Все романтики наперебой толковали о свободе творчества и вдохновения. Но имелась ли в виду при этом свободная продажа произведений или только независимость поэтического вдохновения от принудительных внешних условий? На что должен существовать литератор, основной источник доходов которого — гонорар, если он не продает свои сочинения? Является ли сама продажа стихов делом низким и недостойным поэта или к этой прозаической проблеме нужно найти иной подход?
Ответ на эти острые для пушкинского времени вопросы поэт дал в программном 99 стихотворении «Разговор Книгопродавца с Поэтом», в котором определены роли участников беседы и правила их поведения при обмене стихов на деньги.

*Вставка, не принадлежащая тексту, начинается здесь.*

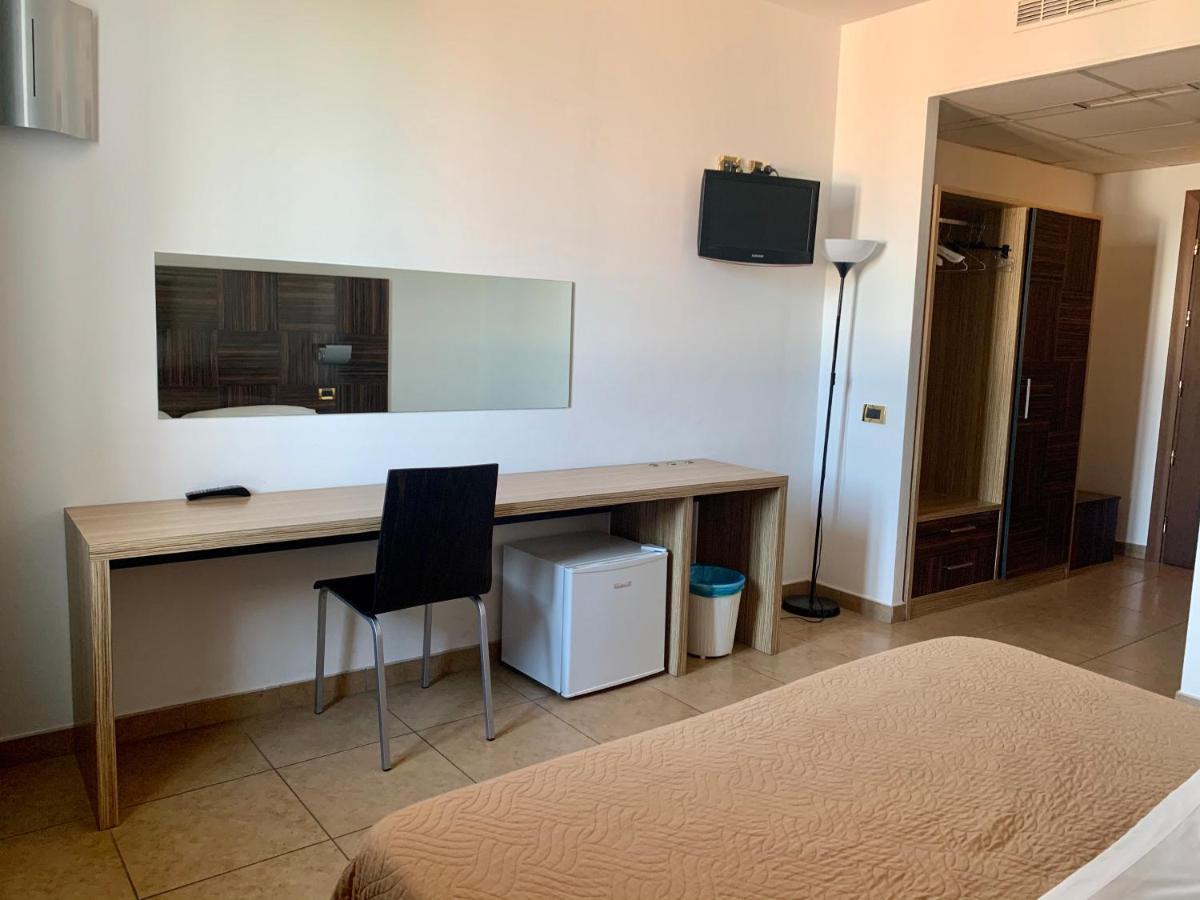Hotel Riverside مودينا المظهر الخارجي الصورة
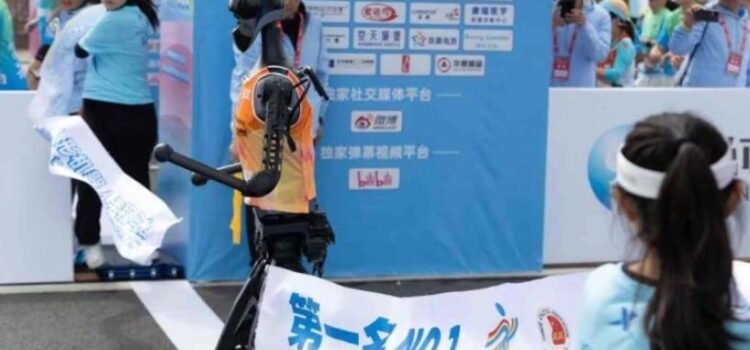Robot humanoide completa medio maratón
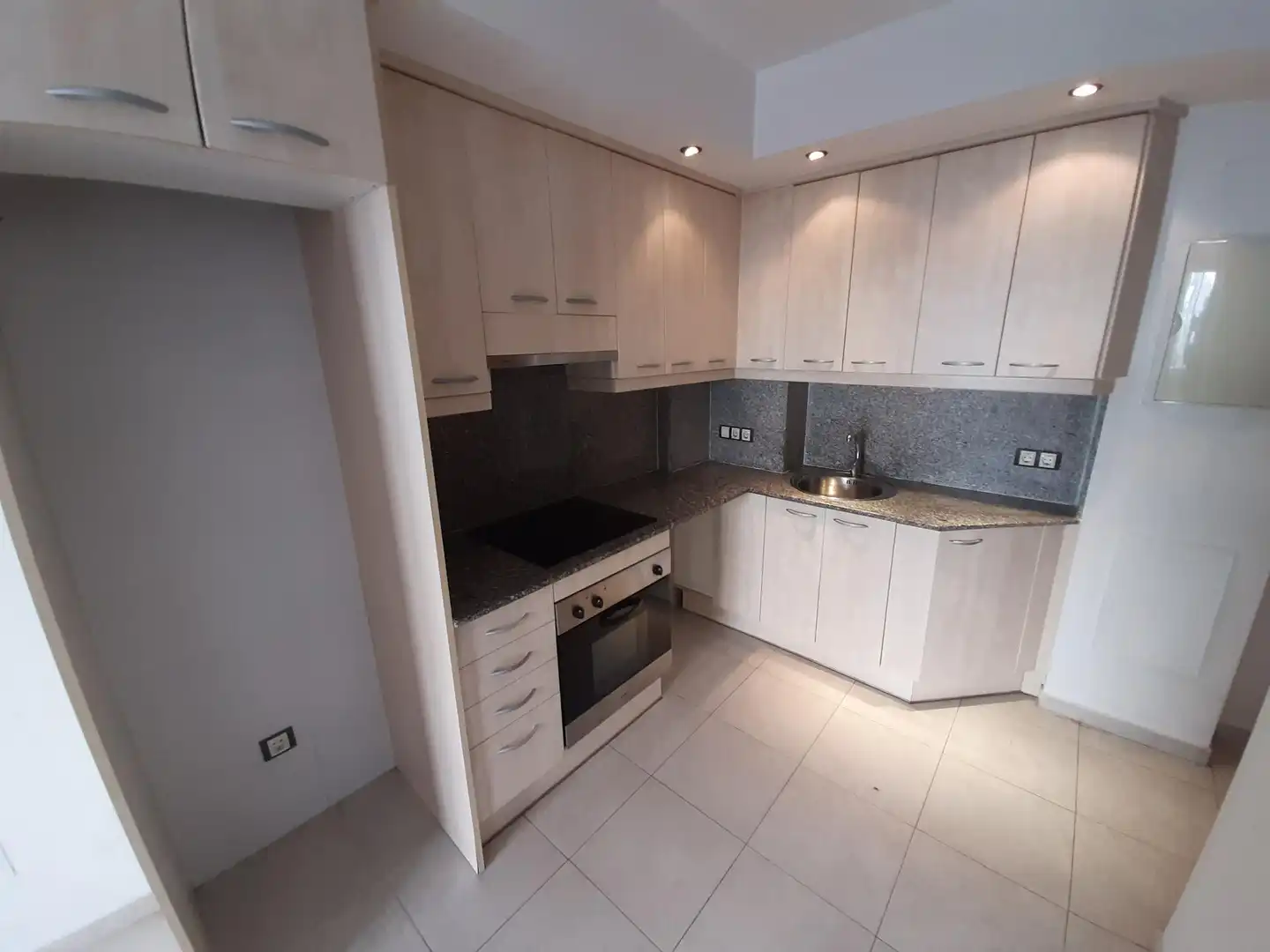 Duplexes for sale in Centre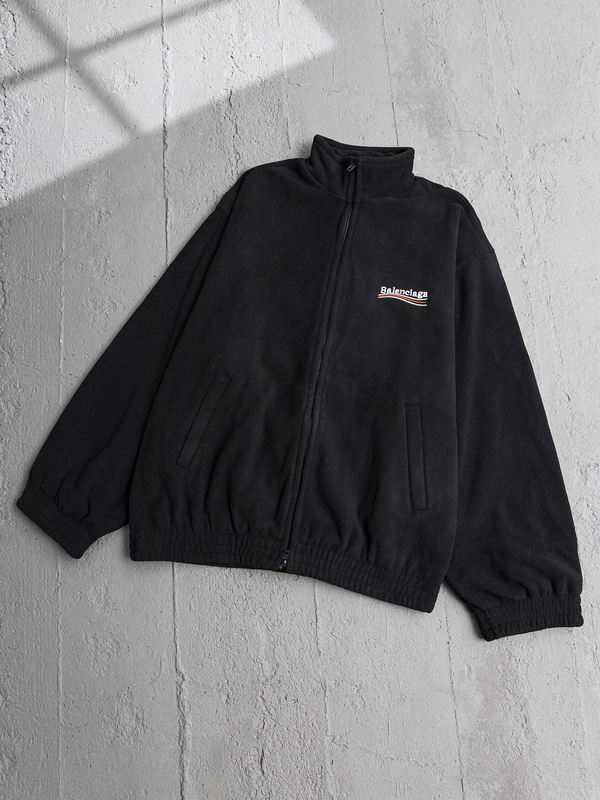 Les ensembles survêtement Balenciaga allient performance et style. Leur design avant-gardiste et leur qualité supérieure. Pas cher. Le moins cher.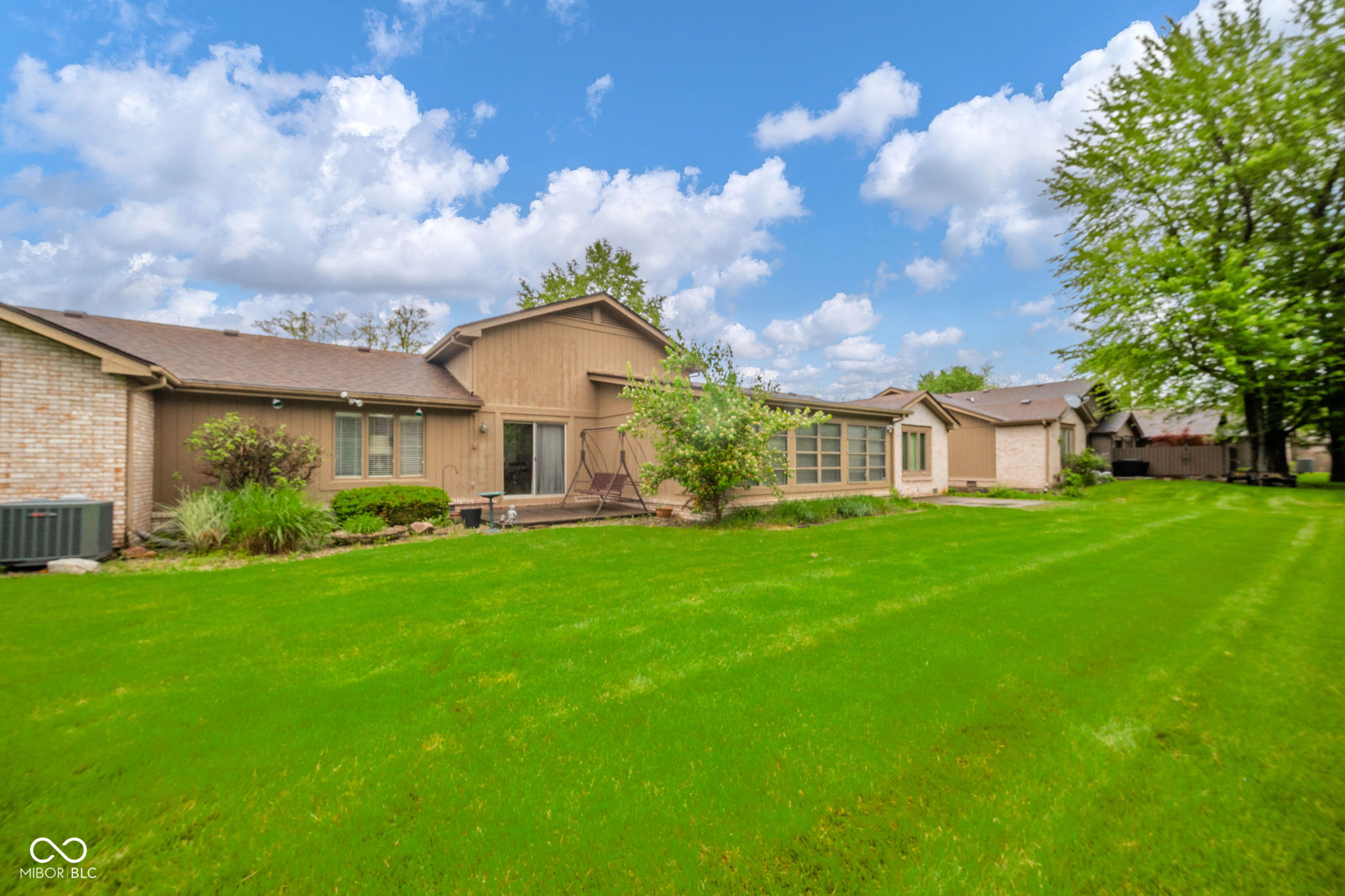 3537 Woodglen Way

«Разговор Книгопродавца с Поэтом» (1824). Пушкин избрал для стихотворения форму «разговора», стихотворного диалога, которая часто употреблялась при освещении общественных или философских тем. Диалог ведут два равноправных участника прозаической сделки — продажи уже готового поэтического произведения. Один из персонажей (Поэт) исповедует романтическое и «поэтическое» мировосприятие, другой (Книгопродавец) — практическое и «прозаическое». Эти две точки зрения необходимо примирить.
Книгопродавец, имея дело с Поэтом, обязан учитывать его взгляд на вещи. Поэтому он вбирает в свою речь чужую поэтическую фразеологию. То же самое относится и к Поэту, который в финале говорит «языком» Книгопродавца.